Google recently released an update to Gemini 2.5 Flash Native Audio, significantly enhancing the capabilities of its voice assistant. This version is designed to better handle complex workflows, improve the accuracy of executing user instructions, and make conversations more natural and smooth. According to Google's feedback, the new version has increased the compliance rate with developer instructions from 84% to 90%, indicating significant progress in the voice assistant's ability to understand and execute user requests.
The update also brings noticeable improvements in the quality of multi-step conversations. Users will experience smoother communication when interacting with the voice assistant. This improvement allows the assistant to better adapt to complex questions and tasks, providing a more efficient service experience.
Google also revealed that the updated audio model achieved a function call accuracy of 71.5% on the ComplexFuncBench benchmark test, compared to 66.5% for OpenAI's gpt-realtime. However, it should be noted that Google may not have used the latest version of OpenAI in the test.
This update is already available in Google AI Studio, Vertex AI, Gemini Live, and Search Live, and Google Cloud customers have started using this new technology. Developers can test the model through the Gemini API to further explore its potential.

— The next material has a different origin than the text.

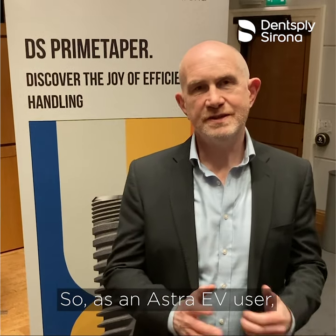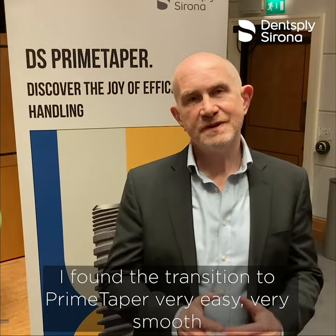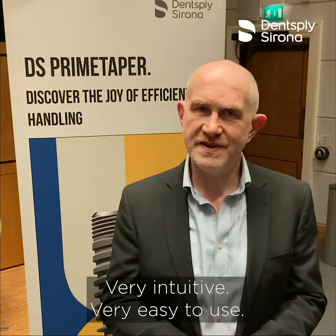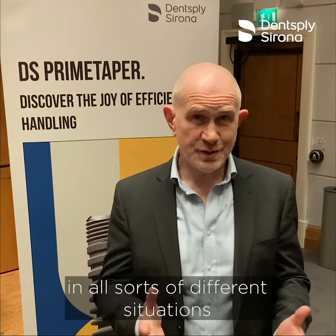As an Astro EV user, I found the transition to Prime Taper very easy, very smooth. The kit is really streamlined, very intuitive, very easy to use, and I think when you start using the implants you find the flexibility that you have in all sorts of different situations.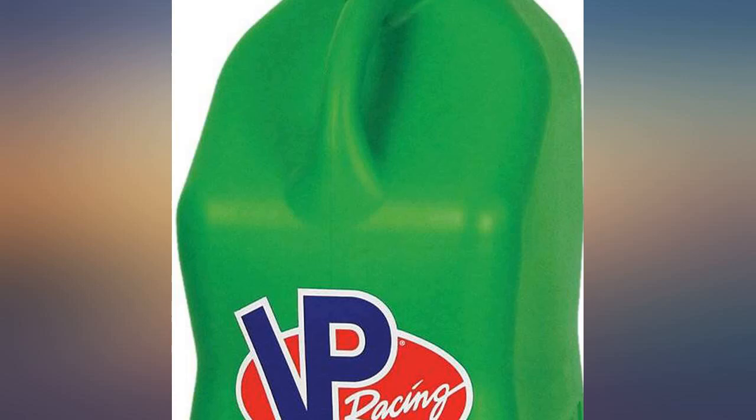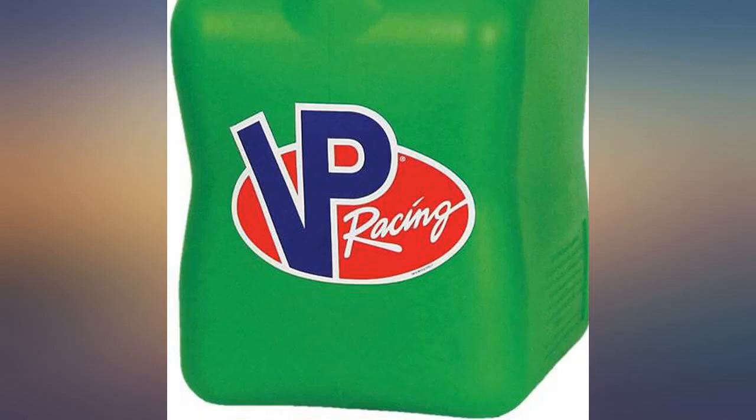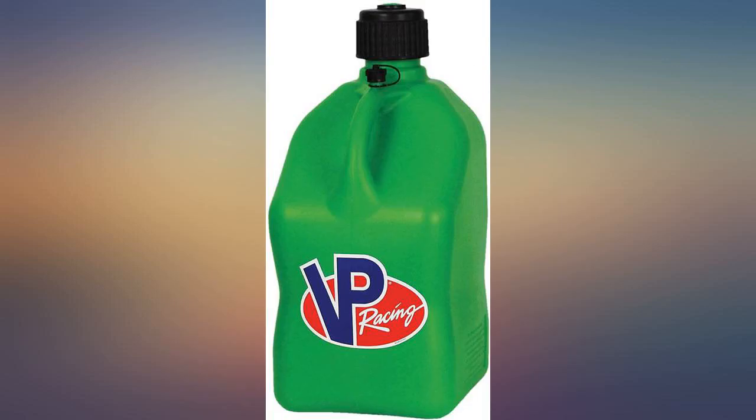VP Racing fuel cans are absolutely the best choice in a world where federal regulations make most gas cans impossible to use. I only have 2 hands and most gas cans require at least 3 hands in order to actually put gas in something. These cans are expensive but you will thank yourself the first time you put gas in your mower or your car.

This update is not just about improved features; it also reflects Google's determination and efforts to continuously advance in the field of artificial intelligence, offering users a better experience.
Key Points:
🌟 The updated voice assistant has improved its accuracy in following user instructions from 84% to 90%.
📈 The new version achieved a function call accuracy of 71.5% on the ComplexFuncBench benchmark test.
💻 Developers can test the new model through the Gemini API and experience its enhanced features.